■ ABOUT THIS TASK
Repeat verbatim, and only, the lines of the data below, beginning at the line that contains "29026 Pembrooke Boulevard, Olmsted" and stopping after the line that contains "Apartamento en Fuengirola".

■ DATA SECTION
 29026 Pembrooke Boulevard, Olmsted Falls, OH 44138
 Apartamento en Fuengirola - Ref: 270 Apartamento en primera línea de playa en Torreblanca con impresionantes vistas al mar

* * *

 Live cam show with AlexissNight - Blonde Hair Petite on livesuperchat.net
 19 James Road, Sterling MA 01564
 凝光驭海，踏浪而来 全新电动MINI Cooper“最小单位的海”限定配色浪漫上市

■ OUTPUT FOR THIS TASK
 29026 Pembrooke Boulevard, Olmsted Falls, OH 44138
 Apartamento en Fuengirola - Ref: 270 Apartamento en primera línea de playa en Torreblanca con impresionantes vistas al mar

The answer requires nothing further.